On Jun 22, 7:37 pm, "Mike Orr" <[EMAIL PROTECTED]> wrote:
> I've released the first alpha version of SAContext, a class that
> bundles your SQLAlchemy engines, metadatas, and SessionContext into
> one convenient object like pylons.database.sesson_context only much
> better.
>
>    http://sluggo.scrapping.cc/python/sacontext/
>    http://cheeseshop.python.org/pypi/SAContext/0.1.0
>
> The API has been hammered out between me and Michael Bayer,
> SQLAlchemy's author, to provide flexibility for single-engine and
> multi-engine applications while sticking to his usage recommendations
> (which session_context does NOT do).
>
> I've added tickets to get this incorporated into Pylons:
>    http://pylonshq.com/project/pylonshq/ticket/261
> and SQLAlchemy:
>    http://www.sqlalchemy.org/trac/ticket/617
> This will take some testing and integration work. however.
>
> The SAContext class can be used in any SQLAlchemy application, and
> requires an explicit URI and engine args.  The test suite passes so
> this can be used as-is.
> PylonsSAContext is a subclass that optionally parses the specs from
> the Pylons configuration, with full support for various engine args
> and multiple databases.  The parsing method passes the test suite but
> the whole thing has not been used in a Pylons application yet.  I'll
> be testing it over the next week.  I'm releasing it now in case
> anybody wants to test it or make API suggestions.
>
> Basic usage from the docstring:
>
>             # Connect to an engine.  The URI is mandatory but should be a
>             # keyword arg.
>             sac = SAContext(uri="sqlite://")    # A SQLite memory database.
>
>             # Or pass additional engine options.

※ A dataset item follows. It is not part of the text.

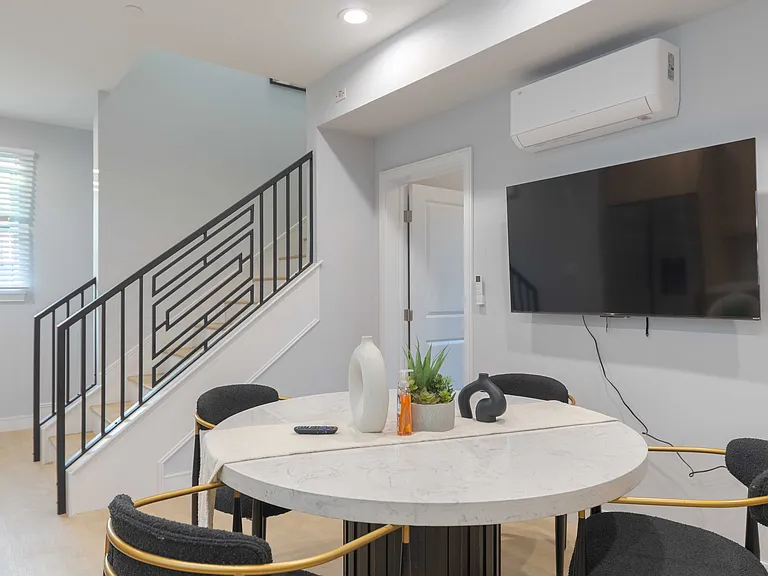 123 S Marguerita Ave #B — Photo 9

>             sac = SAContext(uri="mysql://...", engine_options={"echo": True})
>
>             # The metadata for this engine has automatically been created.
>             users = Table("Users", sac.metadata, Column(...))
>
>             # Or reflect the columns from an existing database table.
>             users = Table("Users", sac.metadata, autoload=True)
>
>             # ORM operations are managed by a hidden SessionContext that
>             # automatically exposes a thread-specific session.
>             sac.session.flush()
>
>             # 'sac.query' is a shortcut for 'sac.session.query'.
>             # (Use .list() instead of .all() in SQLALchemy < 0.3.9.)
>             records = sac.query(User).filter_by(...).all()
>
>             # Mappers can use the SessionContext extension this way.
>             # Note: the extension is optional, not required.
>             mapper(User, users, extension=sac.ext)
>
>             # You can connect to multiple databases.
>             sac.add_engine(key="logs", uri="mysql://...")
>
>             # Each engine has its own bound metadata.
>             access_log = Table("Access", sac.get_metadata("logs"), ...)
>
>             # To access a non-default engine, do this.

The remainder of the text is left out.